• **WORK REQUIRED**
Look in the listing below for the line that has "Diamond begehbare Dusche", then return it and each following line up to and including the one with "Serax Marie Michielssen", exactly and without pictures.

─── DATA TO PROCESS

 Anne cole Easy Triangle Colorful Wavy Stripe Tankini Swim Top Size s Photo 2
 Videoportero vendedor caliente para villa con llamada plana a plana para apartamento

──────
─── DATA TO PROCESS

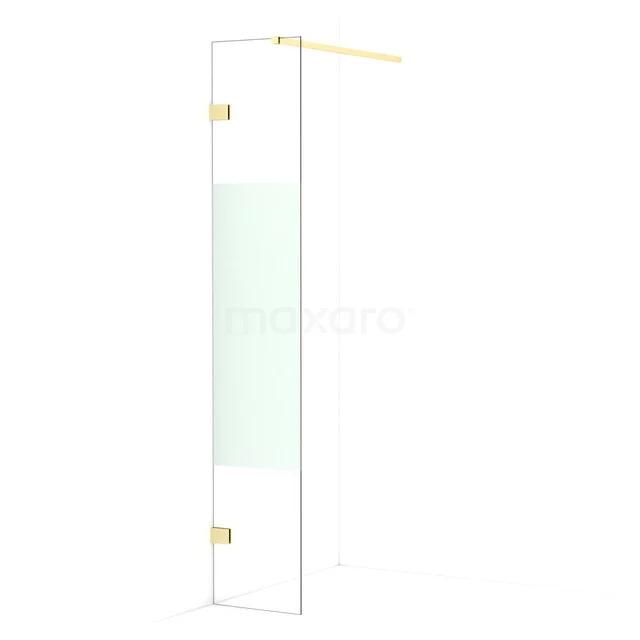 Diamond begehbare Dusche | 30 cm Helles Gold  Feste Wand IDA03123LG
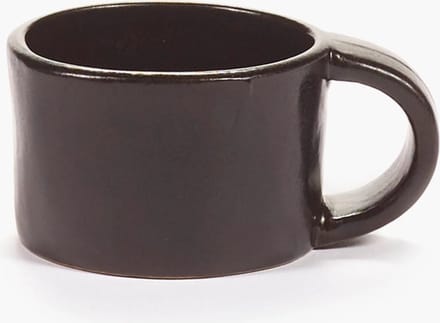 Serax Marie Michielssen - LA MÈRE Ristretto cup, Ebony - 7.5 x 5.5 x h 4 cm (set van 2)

──────

• **FINISHED TASK**
 Diamond begehbare Dusche | 30 cm Helles Gold  Feste Wand IDA03123LG
 Serax Marie Michielssen - LA MÈRE Ristretto cup, Ebony - 7.5 x 5.5 x h 4 cm (set van 2)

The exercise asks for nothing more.